The first call was made at Sandy Bay, about five miles from the Shack. Stores were landed and placed in the hut, and the party proceeded to Lusitania Bay, eleven miles farther on, where they stayed for the night. At this place (named after an old sealing craft, the Lusitania) there were two huts, one being a work hut and the other a living hut. They had not been used for sixteen years and, as a result, were found to be much dilapidated. In the locality is a large King penguin rookery, the only one on the island, and two dozen eggs were obtained on this visit, some fresh and some otherwise.
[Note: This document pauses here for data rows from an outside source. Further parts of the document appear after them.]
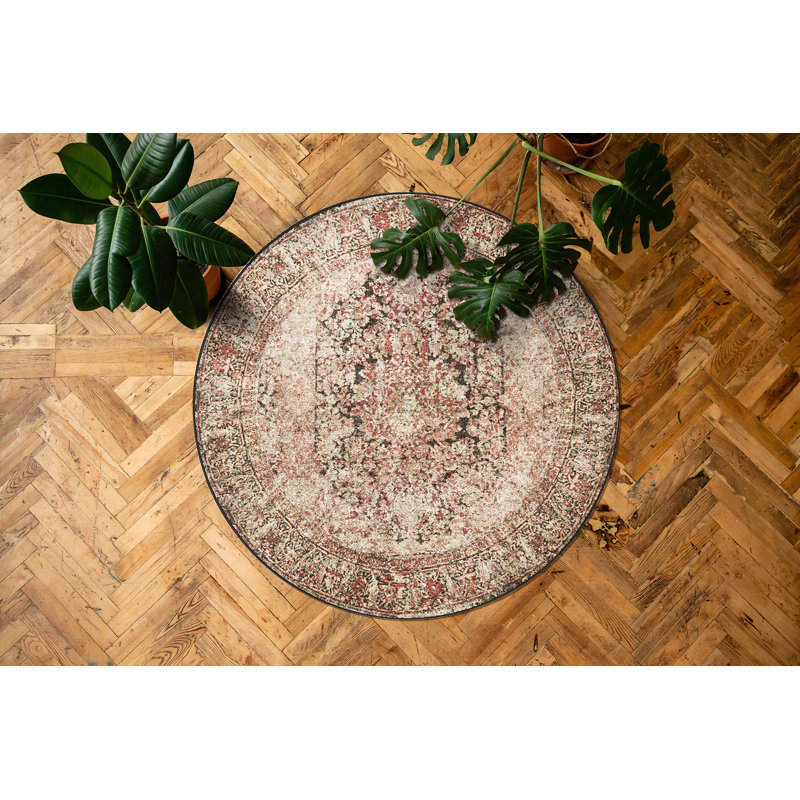 Tapis en coton enduit Marichal Premium EnduraStran, Rond 7 pi 7 po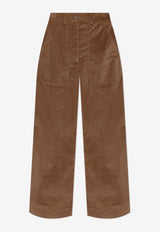 Etro Corduroy High-Rise Pants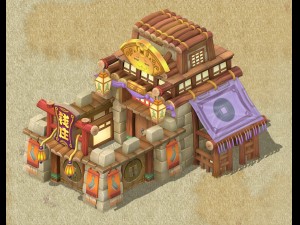 cartoon version - bank 03 Modèle 3D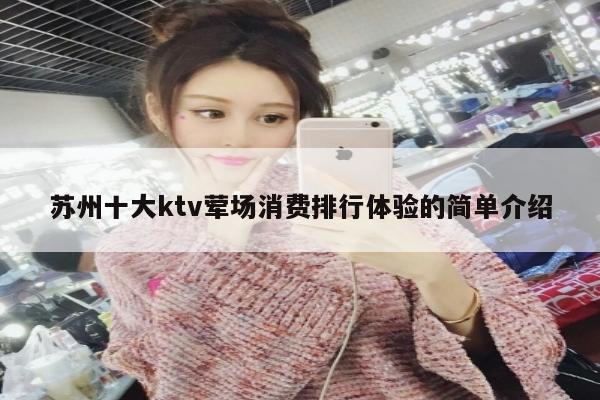 苏州十大ktv荤场消费排行体验的简单介绍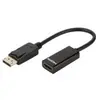DLH - Câble adaptateur - DisplayPort pour HDMI - 23 cm - noir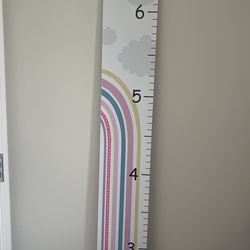 Kids Measuring Wall Scale.
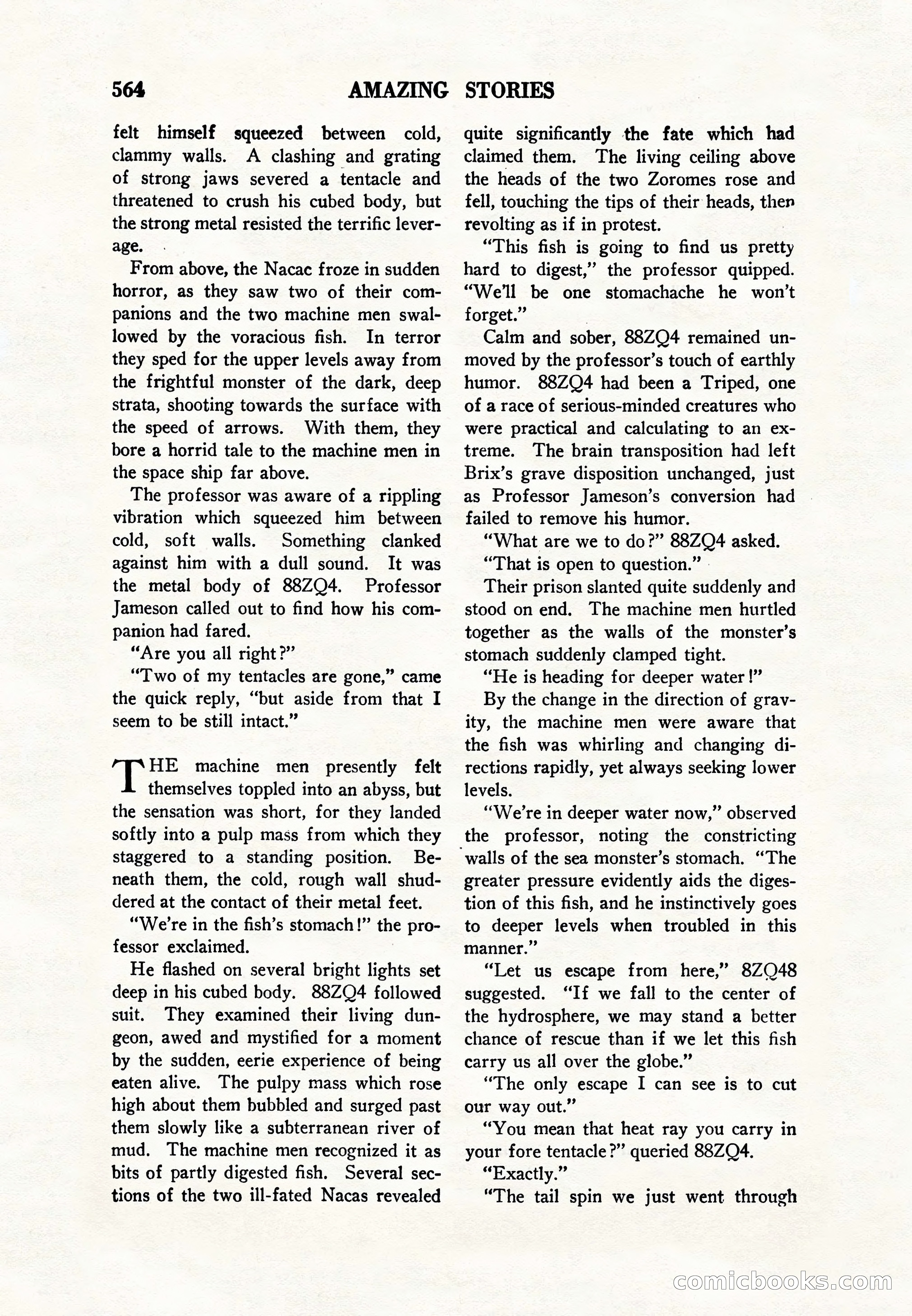 Amazing Stories, Vol. 8, No. 6 — page 86 of 148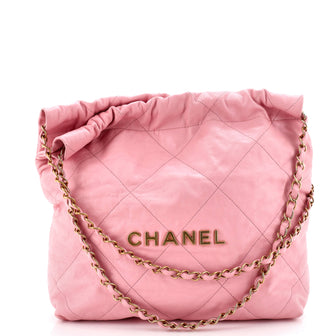 Chanel 22 Chain Hobo Quilted Calfskin Small
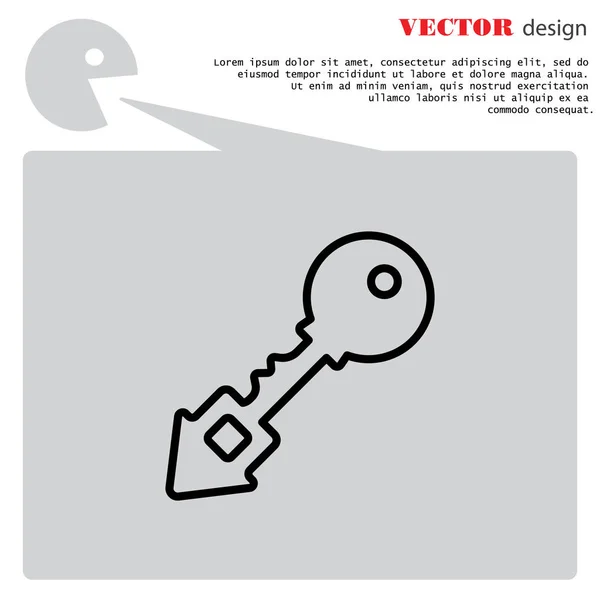 Icône Web Key — Image vectorielle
As the next morning was squally, it was decided that the stores should be deposited in the hut at the south end; a distance of five miles across country. Through bog and tussock it took the party four hours to accomplish this journey. The hut was found in the same condition as the others and a rather miserable night was spent. A short distance from this spot is situated the largest penguin rookery on the island. On returning to the launch, the six men had a quick run of three hours back to the north end.
During the absence of the party I had been busy erecting a stand for the anemobiagraph. Ordinarily, such an instrument is kept in a house, the upper section only being exposed through the roof. The Shack was in a position too sheltered for my purpose, so I built a place for the anemobiagraph behind a low rock well out on the isthmus.
Sandell and Sawyer reported on the 16th that the wireless station was ready for testing. Therefore, on the following day, the three of us erected a small set on the farthest point of the peninsula – North Head. The set had been made in order to test the large station. Sawyer then returned to the operating hut and received signals sent from North Head by Sandell, who in return received Sawyer’s signals, thus showing that so far everything was satisfactory. It was thought, after the tests, that the ‘earth’ was not by any means good and Sawyer erected a counterpoise, which, however, failed to give anything like the ‘earth’ results. More ‘earths’ (connections by wire with the ground) were now put in from day to day, and on the 27th Sawyer noted an improvement. Successful tests were again made on the 30th. The wireless men now expected communication with Australia.
Blake and Hamilton were soon making inroads, each on his own particular sphere of work. On the 17th a baseline was laid down on the plateau, and Blake was able to commence his survey of the island. He had already made some geological investigations in the vicinity of North Head and West Point, as well as for a short distance along the east coast. Hamilton had visited nearly all the penguin rookeries in the vicinity, and already had several fine specimens. Marine collecting occupied part of his time and plant life promised to provide an interesting field.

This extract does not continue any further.